▸ Available data
⁂

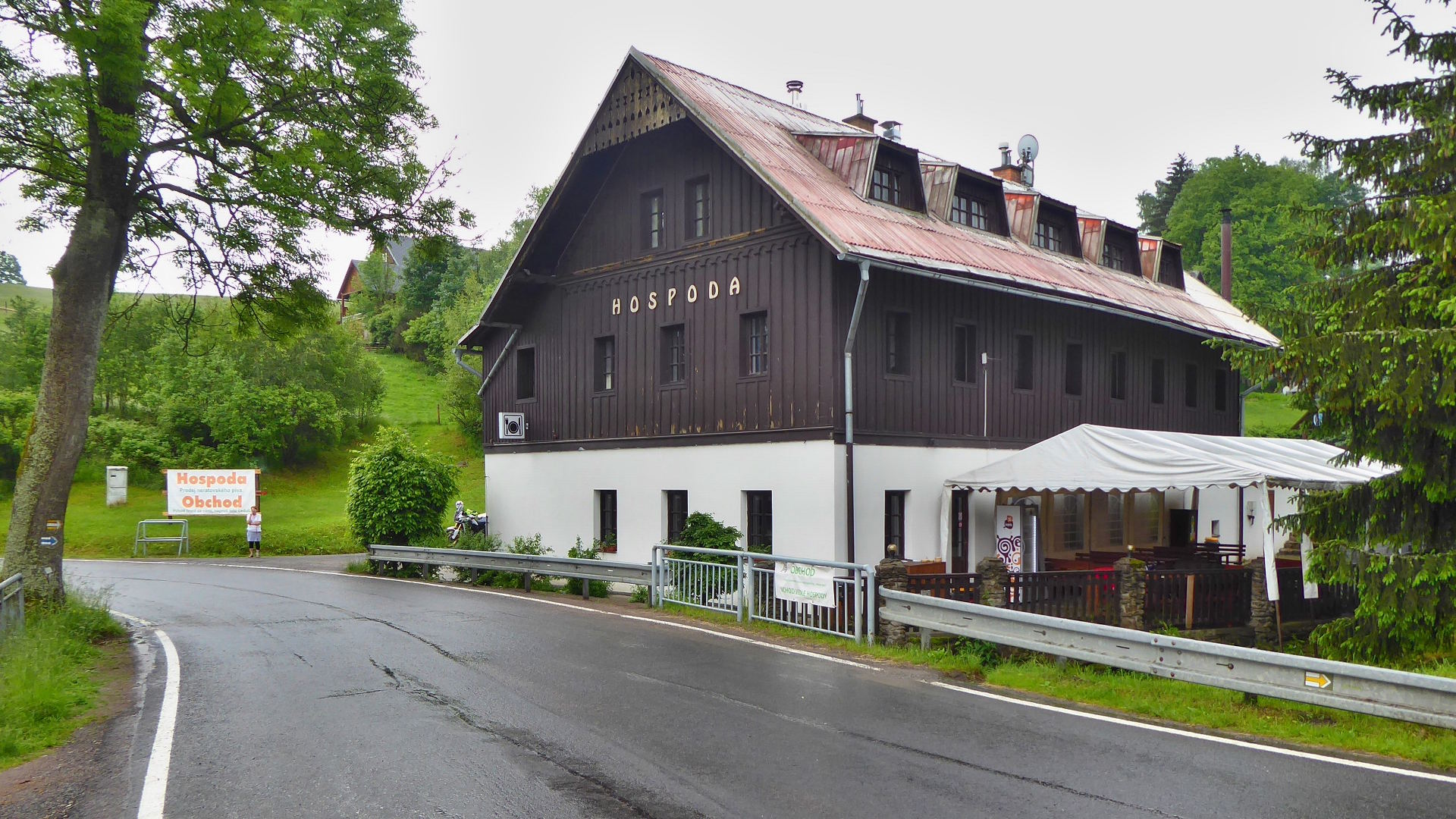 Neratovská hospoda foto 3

⁂

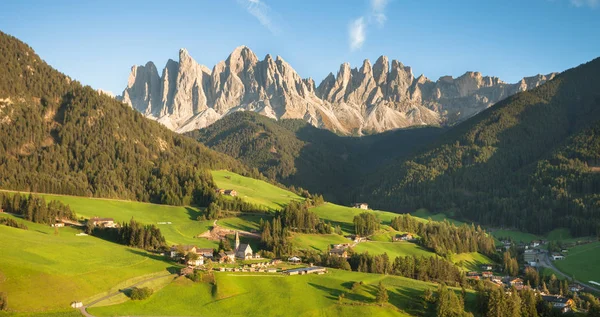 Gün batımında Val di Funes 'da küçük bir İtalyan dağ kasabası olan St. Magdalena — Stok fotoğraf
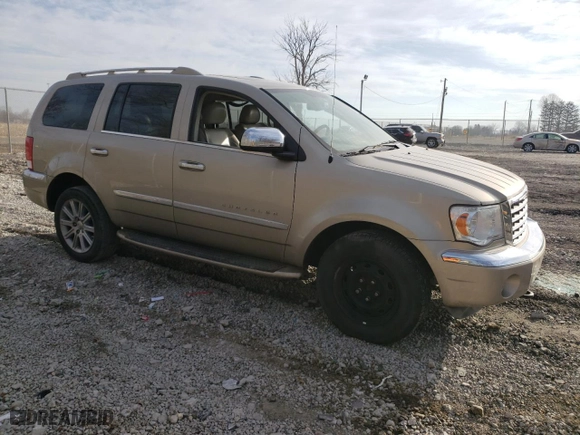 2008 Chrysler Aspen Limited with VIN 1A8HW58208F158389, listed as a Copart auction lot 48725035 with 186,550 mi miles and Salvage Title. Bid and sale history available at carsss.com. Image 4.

⁂

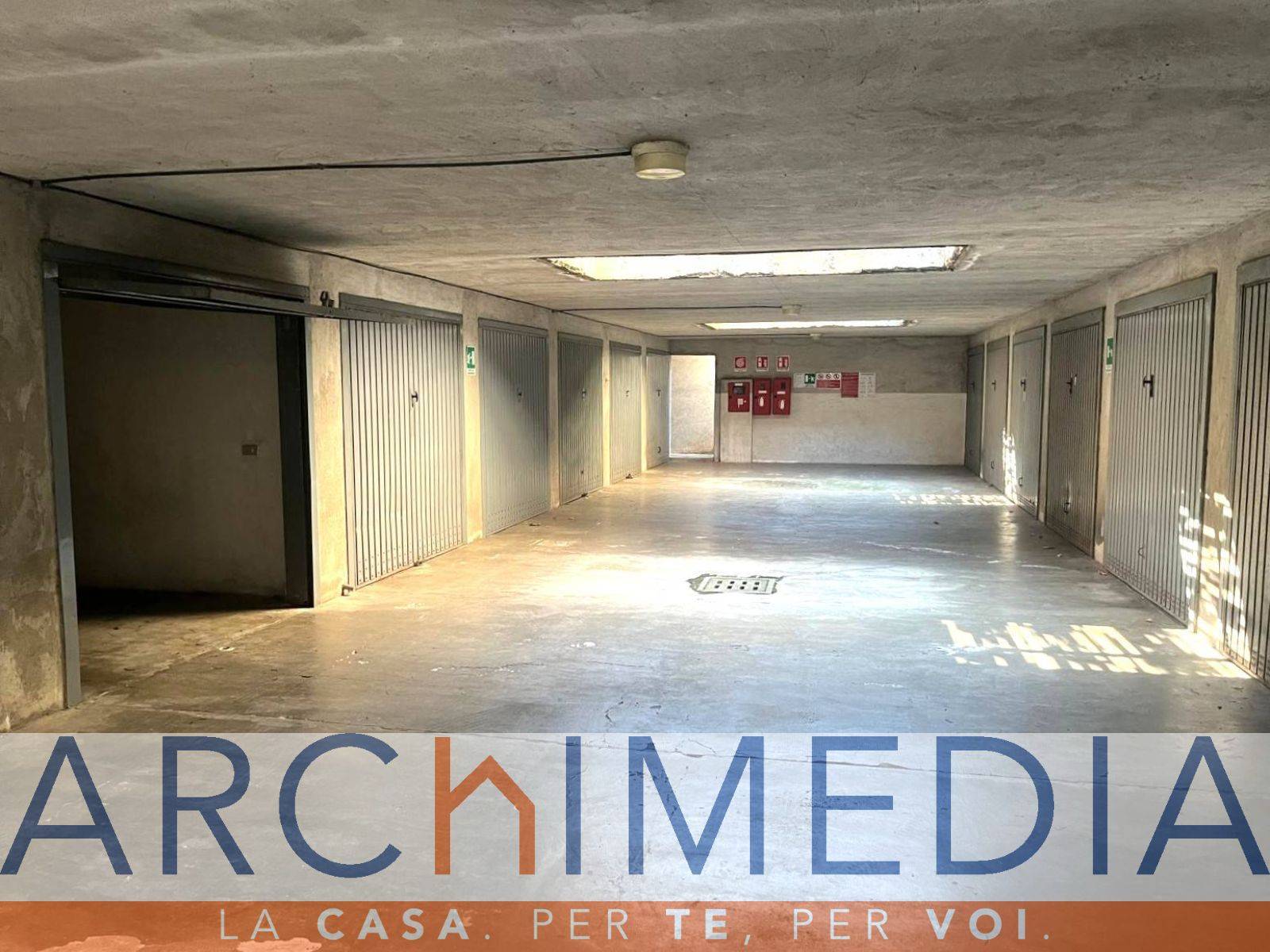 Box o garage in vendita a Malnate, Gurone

⁂

Your reply should consist solely of the lines above from the line containing "Gün batımında Val" up to and including the line containing "2008 Chrysler Aspen", reproduced exactly, minus the pictures.

▸ Output for this exercise
 Gün batımında Val di Funes 'da küçük bir İtalyan dağ kasabası olan St. Magdalena — Stok fotoğraf
 2008 Chrysler Aspen Limited with VIN 1A8HW58208F158389, listed as a Copart auction lot 48725035 with 186,550 mi miles and Salvage Title. Bid and sale history available at carsss.com. Image 4.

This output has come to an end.